The game served as further evidence that as much as Riley’s talent and notoriety have swelled over the seasons, his head has not followed suit.
But Thursday also served as a reminder of what happens beyond the final score and all the talk and hype of college recruits, CIF rankings and all-this and all-that accolades.
Thursday was about kids like Brian Basic and Matt Raba and Michael Dipietro.
Often times, any sport is taken for granted in terms of the work and dedication that goes into it. Practices aren’t covered. People forget about scout teams and the kids whose heart and desire doesn’t always match up with their talent and athleticism.
Some are underclassmen working their way into a future starting spot, while others simply won’t find that luxury.
They exist upon every sideline. And for that matter, in just about every sport.
Long after the stories already been penned within sportswriters’ heads, it’s their time to shine.

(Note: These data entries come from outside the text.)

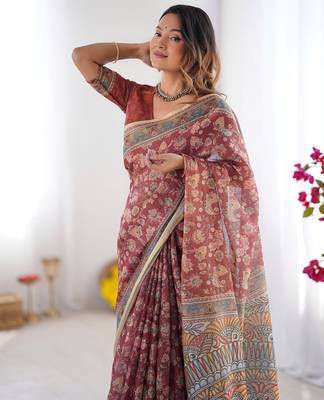 Printed floral handloom cotton saree with stylish tassel finish     ready to wear 2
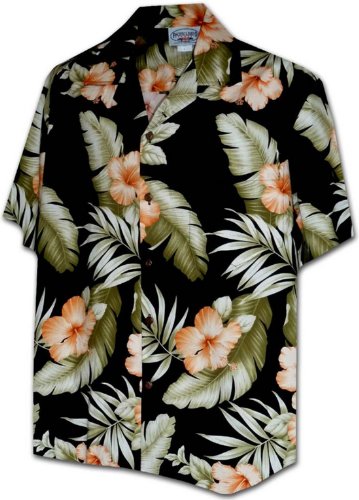 Great Orange Hibiscus Fern Men's Shirt — Men's Cotton Shirts — Pacific Legend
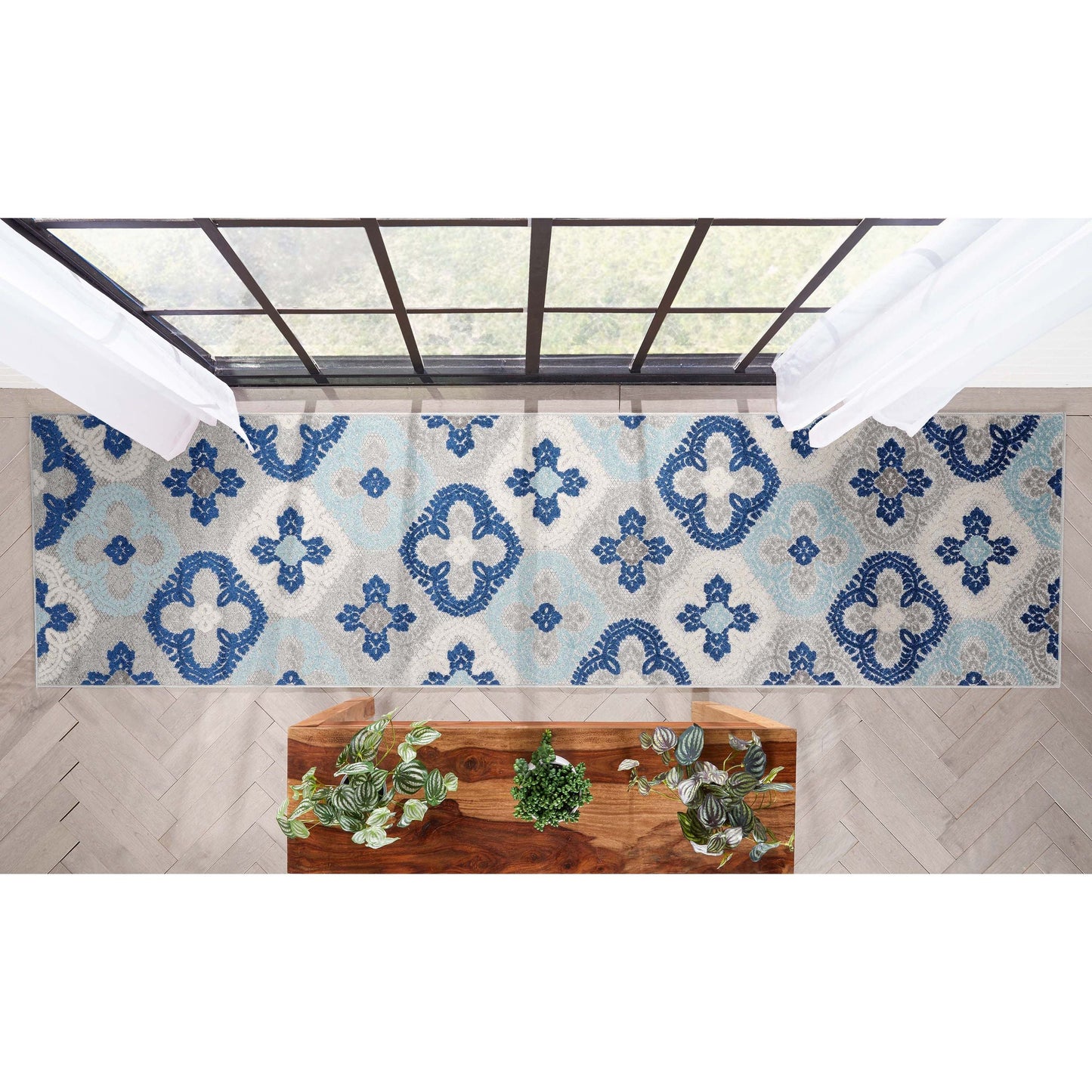 Loewy Modern Geometric Indoor/Outdoor Blue High-Low Rug DO-424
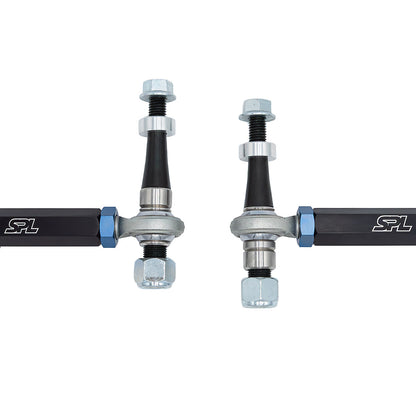 SPL Parts adjustable front tie rod ends with bumpsteer correction for Toyota GR86, Subaru BRZ, FR-S, and WRX, designed to reduce toe change and improve steering stability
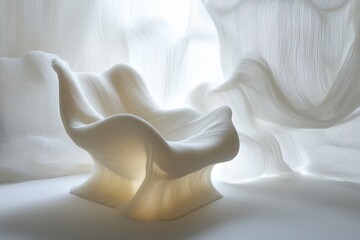 Leinwandbilder - Modern white chair illuminated by soft light in a minimalistic interior setting with flowing fabric backdrop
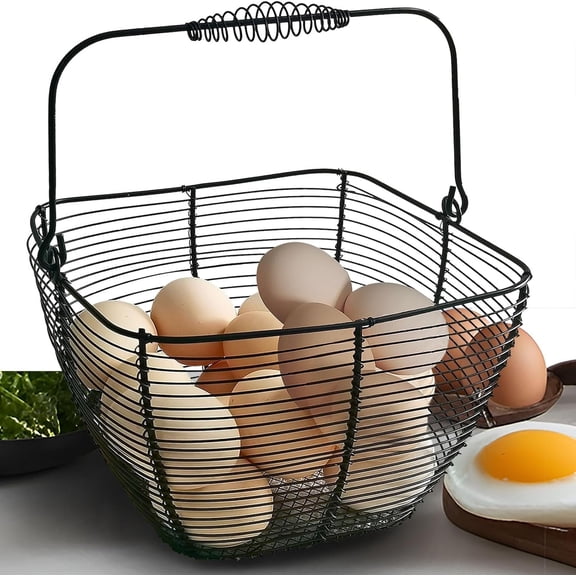 TEXIJUSO Black Square Wire Egg Basket For Fresh Egg with Handle,Farmhouse Small Metal Egg Collecting Basket for Gathering Fresh Eggs Chicken Basket Decor for Kitchen Countertop Rustic Style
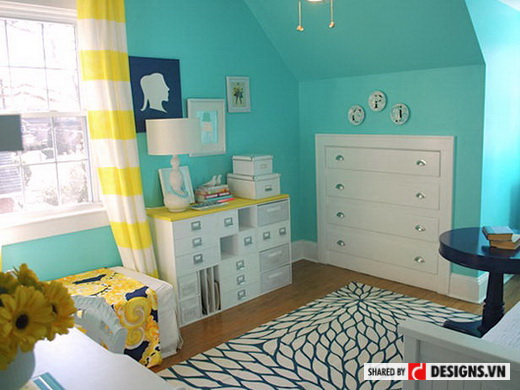 Trang trí phòng ngủ nhỏ bằng cách chọn màu sơn hợp lý1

Much like the time and effort they put forth in practice every day, their moment under the lights is usually overlooked.
But it is during these times and during these plays when you glimpse another aspect of what is great about this game.
Every kid is happy. Every coach is smiling. And, more than likely there’s a few extra parents up in the stands with something to talk about.
Granted, this is the view from the winner’s sideline.
Truth be told, it was hard to feel pity for an El Rancho team that’s first and only touchdown, which made it 35-7, culminated with an emphatic spike in the end zone. That coming not long after a St. Francis defender had made a big tackle for a loss only to be shoved in the face by the ballcarrier for, apparently, doing something as egregious as making a tackle.
But, in the end, sports, like life isn’t fair.
For every kid to get playing time, there must be the opponent that is blown out. More than likely, it’s the kids who that playing time means oh so much to that empathize more than anyone.
There isn’t always a time to sugarcoat wins and losses and success and failure. But every so often, it doesn’t take a touchdown or a league championship to make a football player smile. Heck, sometimes you don’t even have to gain a yard, the mere fact that your coach called a play that ended up with the ball in your arms is reason enough to smile.
Every once in a while, the biggest highlight comes with the superstar on the sidelines and kids who never get in the paper on the field.
Take it from me, for some kids, a blowout’s the most exciting thing there is.
That’s just the way I see it, playing second string.